--- EXERCISE DETAILS ---
Only the lines below, from the one with "Mid Century Neon" through the one with "Classic men's short", are to be written out, exactly.

--- DATASET EXCERPTS ---
++++++++

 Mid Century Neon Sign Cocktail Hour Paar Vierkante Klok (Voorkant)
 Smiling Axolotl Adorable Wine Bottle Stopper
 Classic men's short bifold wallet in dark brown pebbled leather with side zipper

++++++++

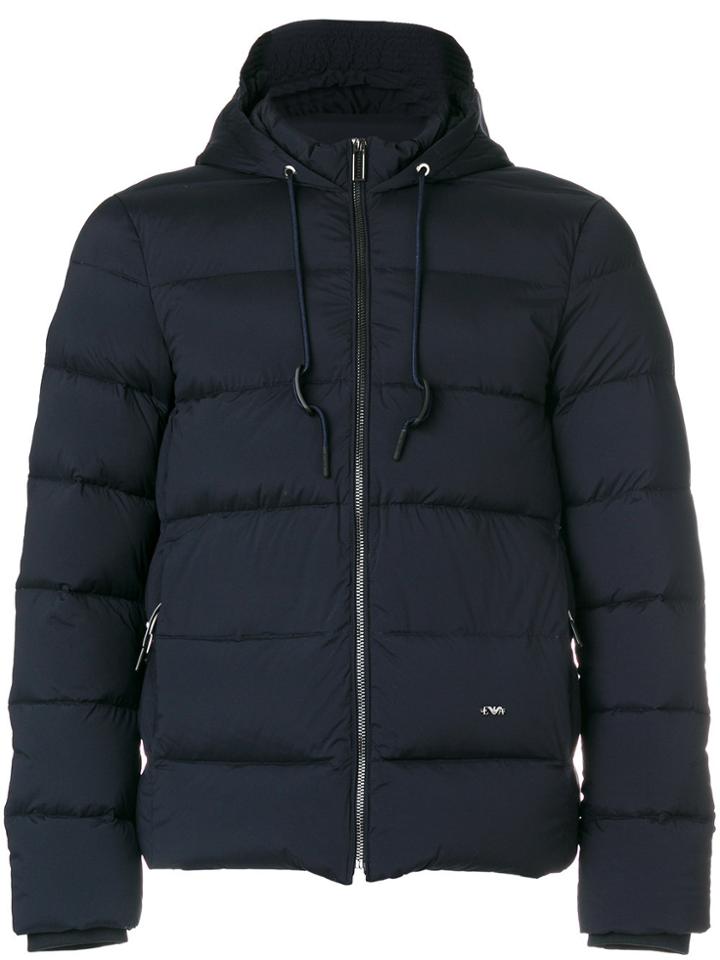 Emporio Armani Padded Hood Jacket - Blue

++++++++

--- EXPECTED OUTPUT ---
 Mid Century Neon Sign Cocktail Hour Paar Vierkante Klok (Voorkant)
 Smiling Axolotl Adorable Wine Bottle Stopper
 Classic men's short bifold wallet in dark brown pebbled leather with side zipper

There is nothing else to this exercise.